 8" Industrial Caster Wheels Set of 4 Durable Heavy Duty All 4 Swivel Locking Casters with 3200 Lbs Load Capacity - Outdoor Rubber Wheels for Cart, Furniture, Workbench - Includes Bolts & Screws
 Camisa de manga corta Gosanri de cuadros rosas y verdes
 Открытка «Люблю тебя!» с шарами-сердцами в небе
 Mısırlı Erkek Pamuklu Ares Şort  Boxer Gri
┄┄┄┄┄┄┄┄┄┄
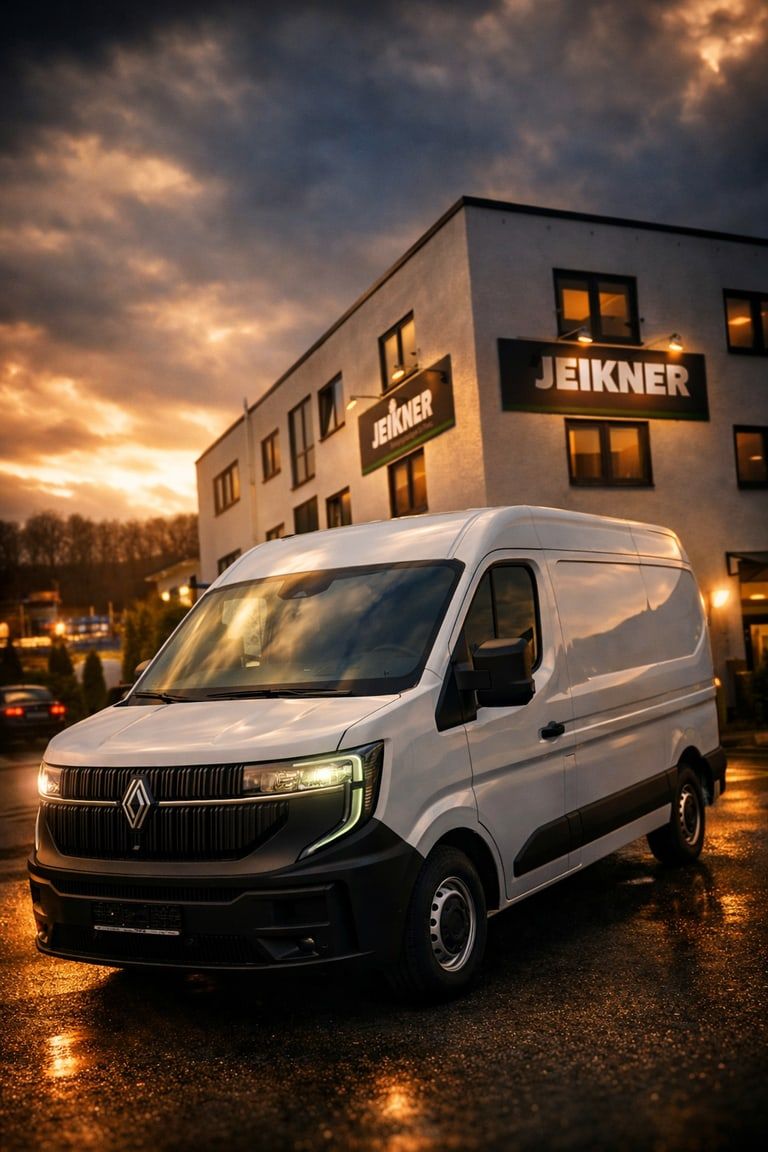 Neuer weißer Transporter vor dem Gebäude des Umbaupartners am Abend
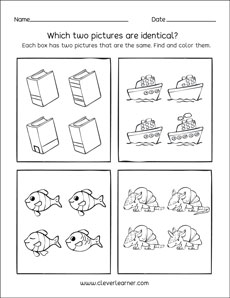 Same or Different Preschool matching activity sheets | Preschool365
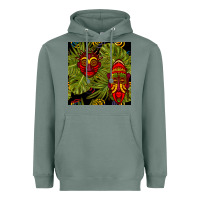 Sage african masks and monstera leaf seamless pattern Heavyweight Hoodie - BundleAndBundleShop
┄┄┄┄┄┄┄┄┄┄
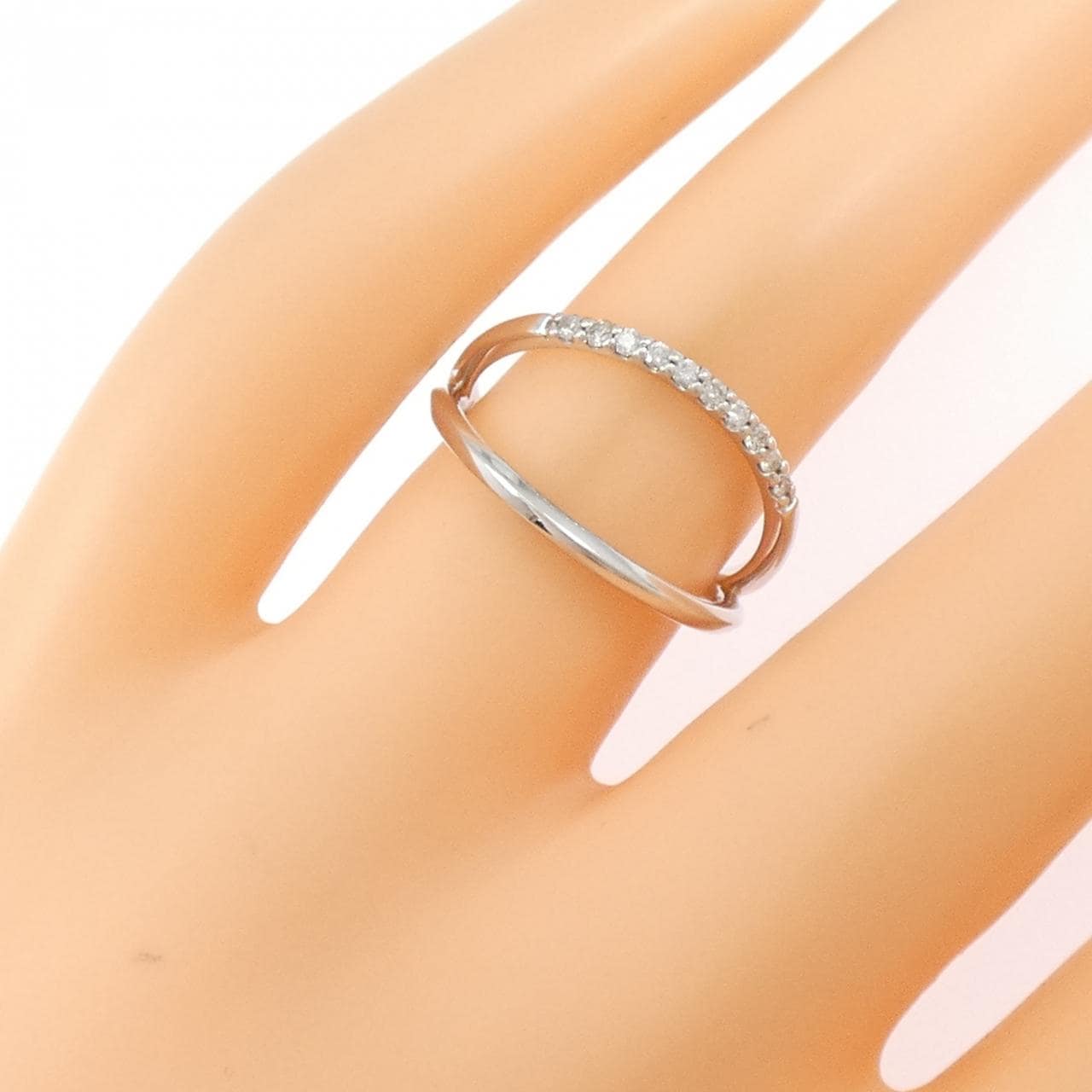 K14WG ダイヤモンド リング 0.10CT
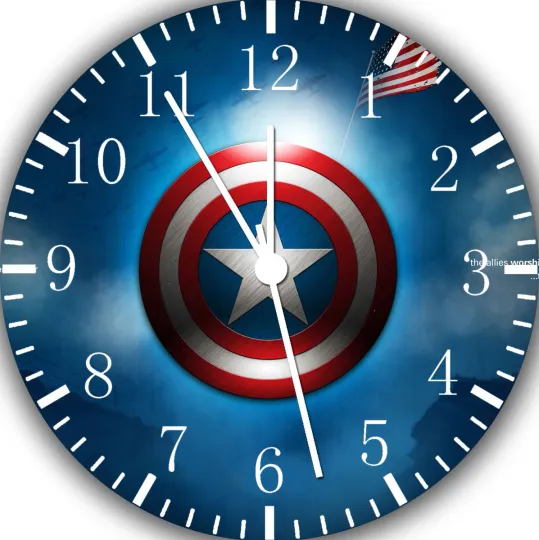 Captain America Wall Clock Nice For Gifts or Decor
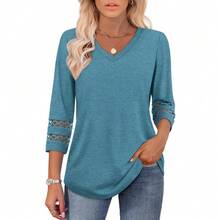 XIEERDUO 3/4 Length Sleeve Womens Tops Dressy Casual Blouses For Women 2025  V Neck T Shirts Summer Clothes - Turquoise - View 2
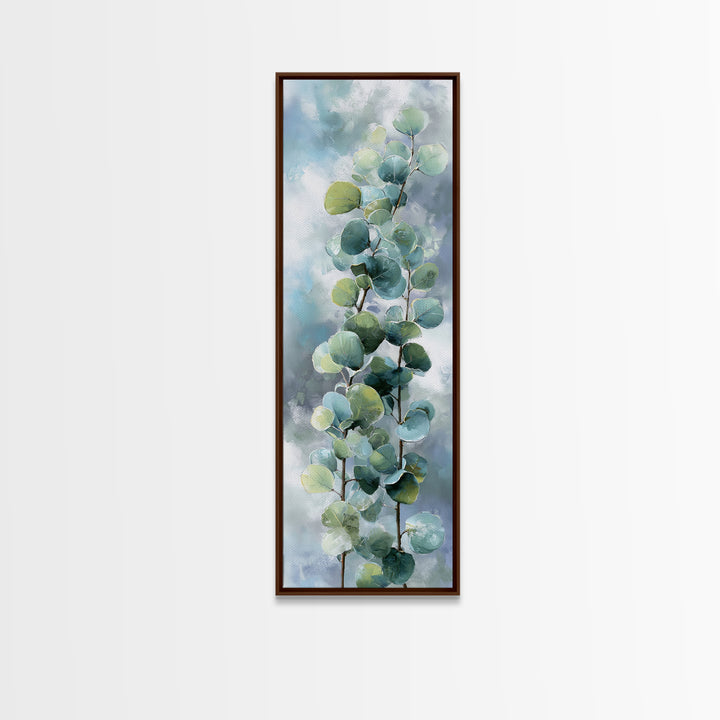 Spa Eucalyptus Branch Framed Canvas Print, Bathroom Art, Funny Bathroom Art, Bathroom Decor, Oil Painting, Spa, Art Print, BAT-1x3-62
┄┄┄┄┄┄┄┄┄┄
■ Required work
In the data above, find the line that contains "Camisa de manga" and the line that contains "Mısırlı Erkek Pamuklu". Repeat exactly those lines and every line between them, and only those.

■ Response box
 Camisa de manga corta Gosanri de cuadros rosas y verdes
 Открытка «Люблю тебя!» с шарами-сердцами в небе
 Mısırlı Erkek Pamuklu Ares Şort  Boxer Gri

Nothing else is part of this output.